§ **The data**
::::
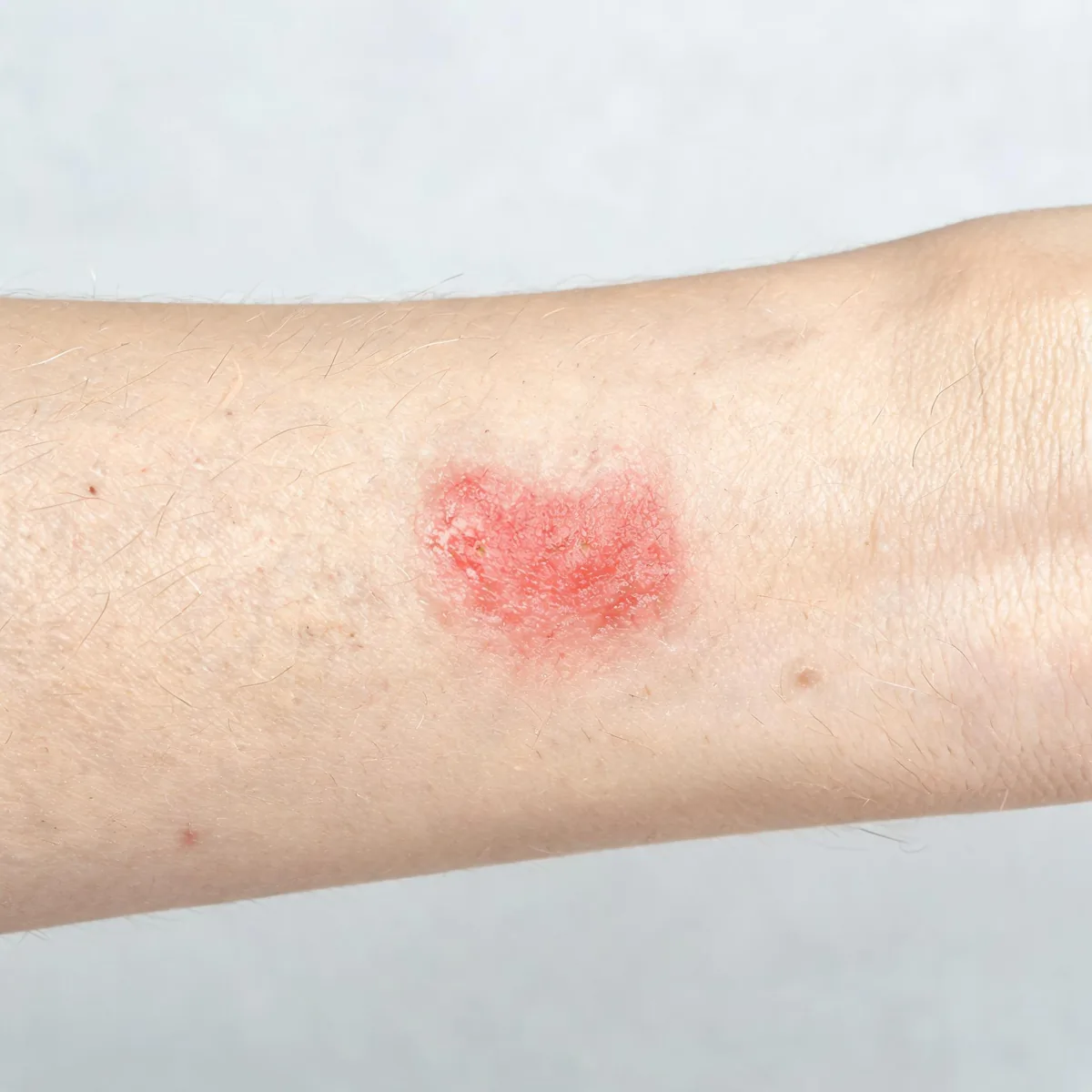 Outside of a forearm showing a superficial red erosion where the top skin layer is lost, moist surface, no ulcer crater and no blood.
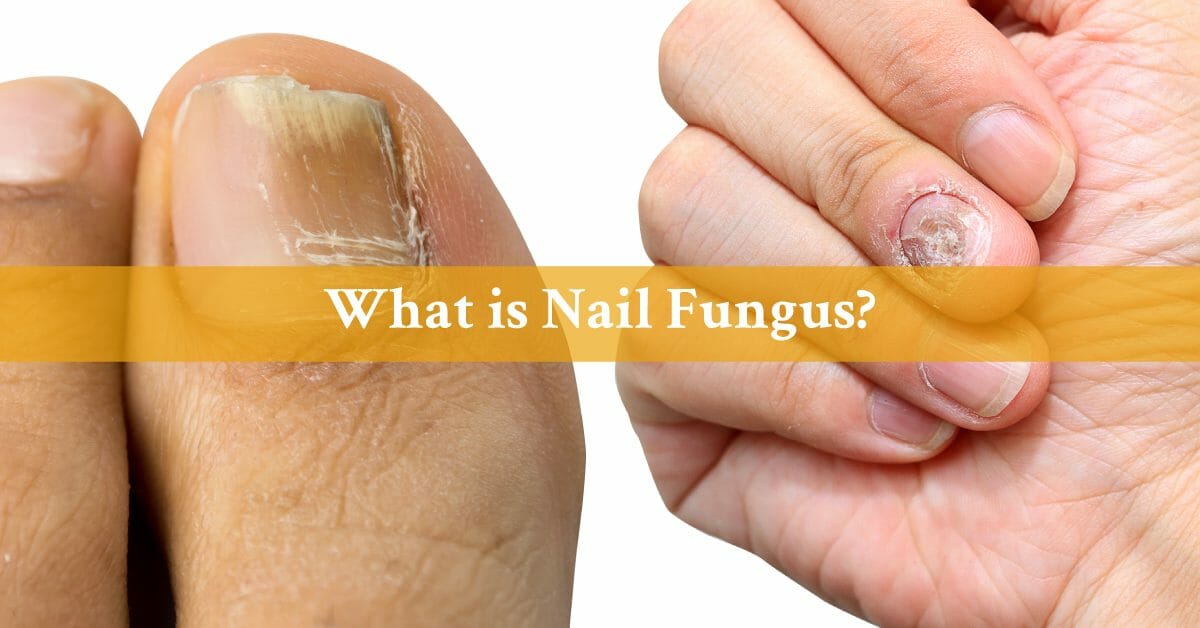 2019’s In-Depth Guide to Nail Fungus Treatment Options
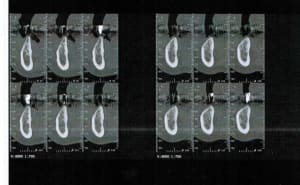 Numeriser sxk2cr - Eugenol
::::
§ **Problem**
For this exercise, transcribe exactly only the lines from the one containing "2019’s In-Depth Guide" through the end of the listing, inclusive, without the pictures.

§ **Task output**
 2019’s In-Depth Guide to Nail Fungus Treatment Options
 Numeriser sxk2cr - Eugenol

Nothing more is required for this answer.